Probabilistic Assertions: Crashing When Something Feels Wrong - slackerIII
http://www.spiteful.com/2008/04/14/crashing-when-something-feels-wrong/
======
blinks
Yay for automated monitoring software. Nagios (<http://www.nagios.org/>) does
this for networks (and is extendable for some other things). At my old job we
used Hobbit (<http://hobbitmon.sourceforge.net/>) to watch our Java server
instances (memory usage, etc.). There’s no reason why these monitoring
programs couldn’t be used to monitor internal program statistics, as long as
those stats were made available.

Generally you monitor from your internal network, and then provide some hook
for the monitor to get information that’s only accessible from there. (SSH or
a limited-access URL, etc.)

Monitoring programs are super-powerful and generally complex. Check them out —
it’s a good skill to have when working with production software.

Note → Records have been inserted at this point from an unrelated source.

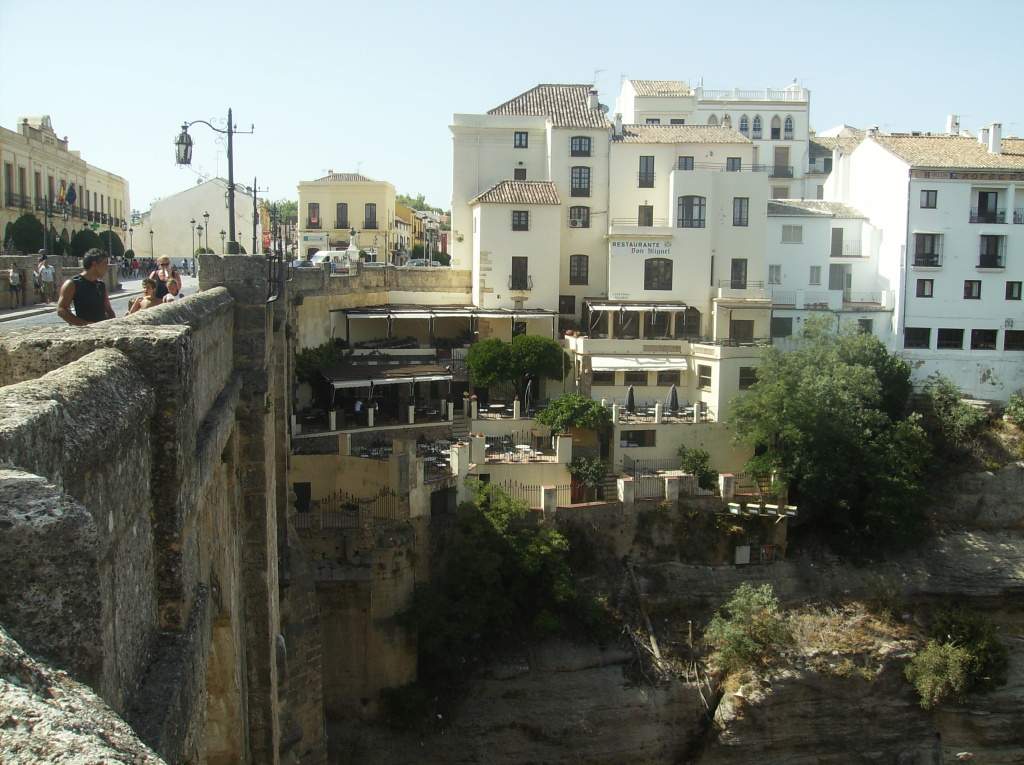 ai225.photobucket.com_albums_dd306_aserodio_RONDA_FRIAS2012191.jpg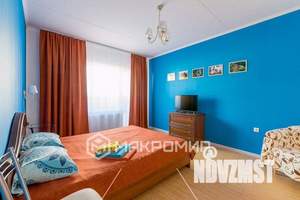 2-к квартира, вторичка, 58м2, 1/4 этаж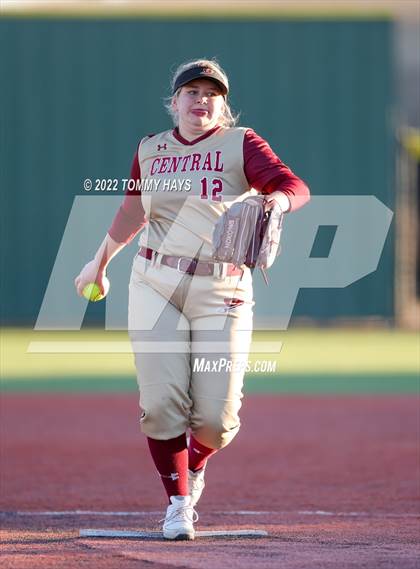 Thumbnail 1 in Keller Central vs Brock (Brock Tournament) photogallery.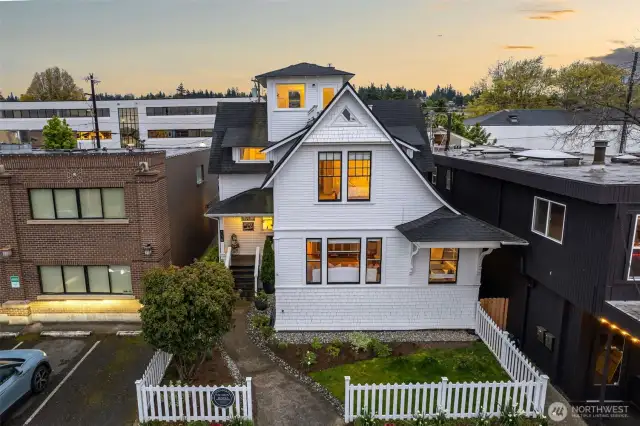 Main House Located in the Heart of Downtown Edmonds
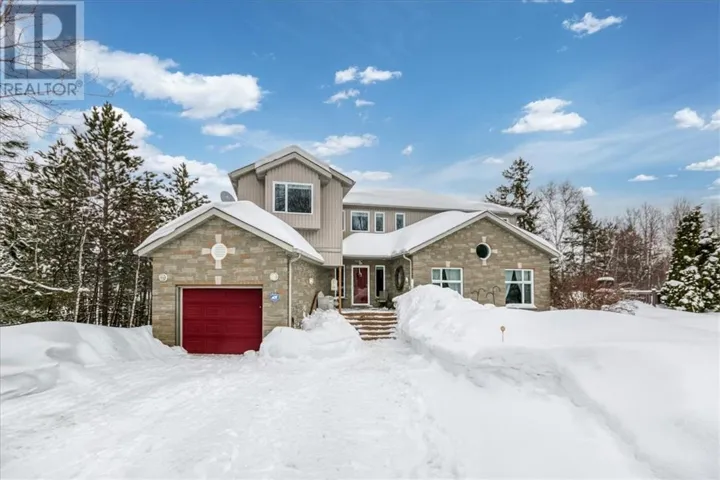 276 Moxam Landing Road, Lively, Ontario P3Y1H9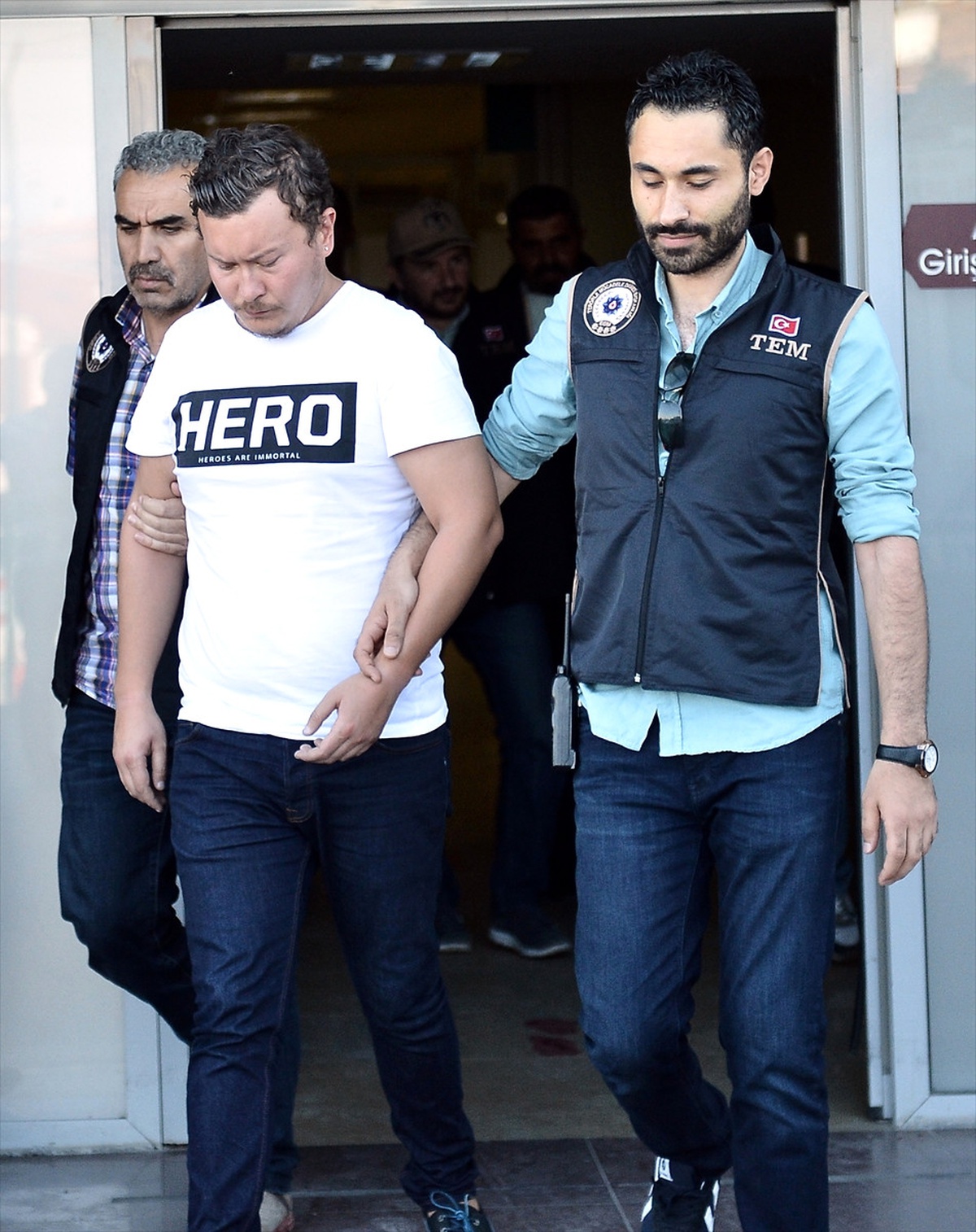 Eskişehir\'de "Hero" Yazılı Tişört Giyen Kişiye Gözaltı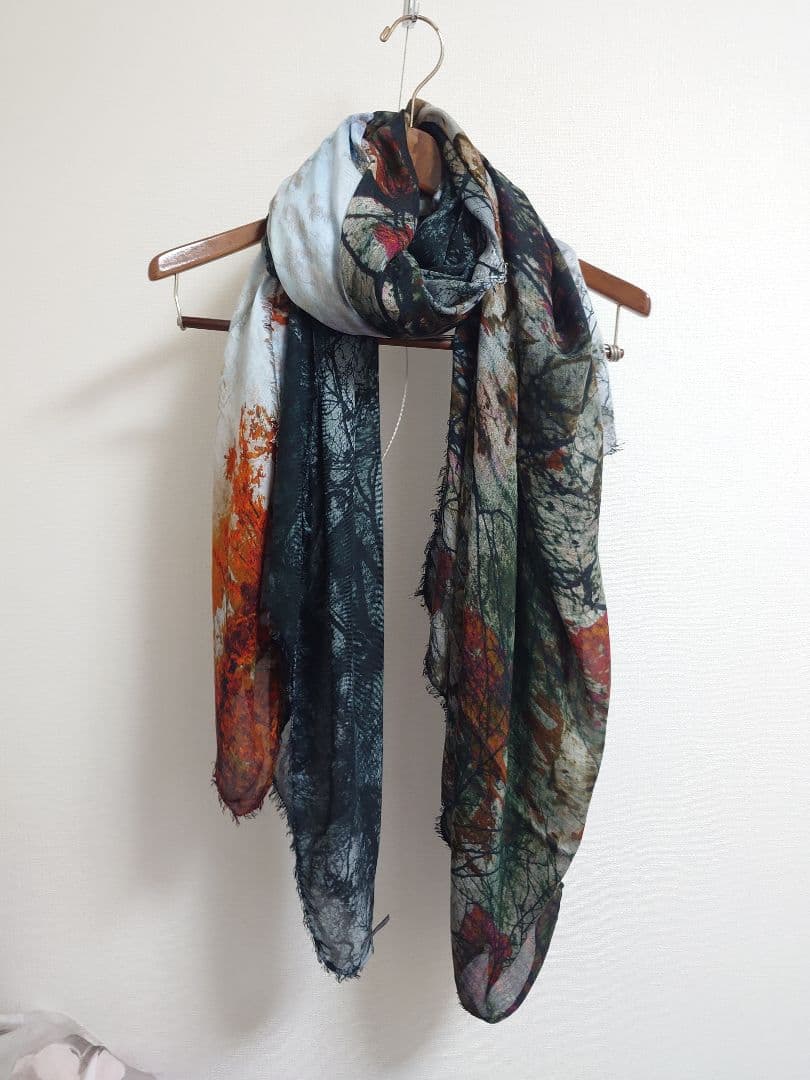 ファリエロ サルティ　Faliero Sarti　ストール 森林柄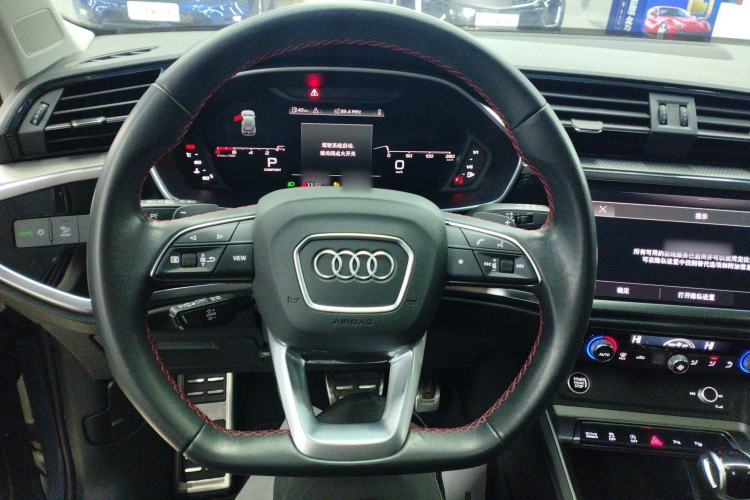 Used Audi Q3 2022 40 TFSI RS Package Performance Model Steering Wheel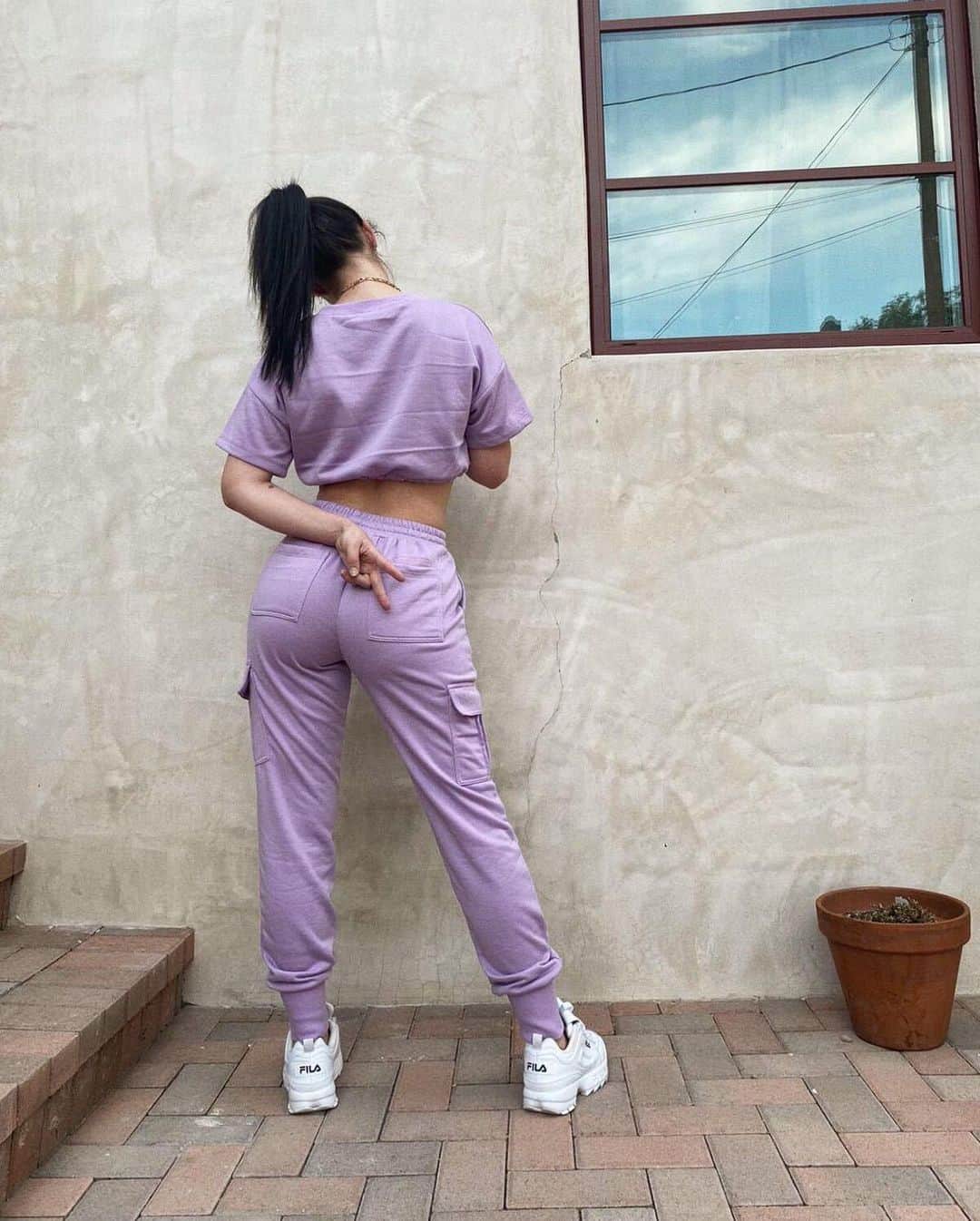 アデレード・ケインのインスタグラム：「Lavender 😈 @fashionnova fashionnovapartner」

(I also posted this on the article.)

------
angstrom
I've worked with threshold logic like that for collecting and analyzing
traffic on telephone switches where an alarm or notification would be
generated if the threshold was broken.

Personally I would never want to debug something like that using a statistical
probability that something _might_ have gone wrong. Better to fail gracefully
with something like multiple chains so that when a request chain goes down it
gets logged, cleaned up, and recreated.

Worst case scenario they get a request timeout warning.

------
pmorici
This sounds like circuit breakers for software. Instead of an over current
condition you've got excessive busynesses.

------
Tichy
Maybe frequent backups would be a better solution?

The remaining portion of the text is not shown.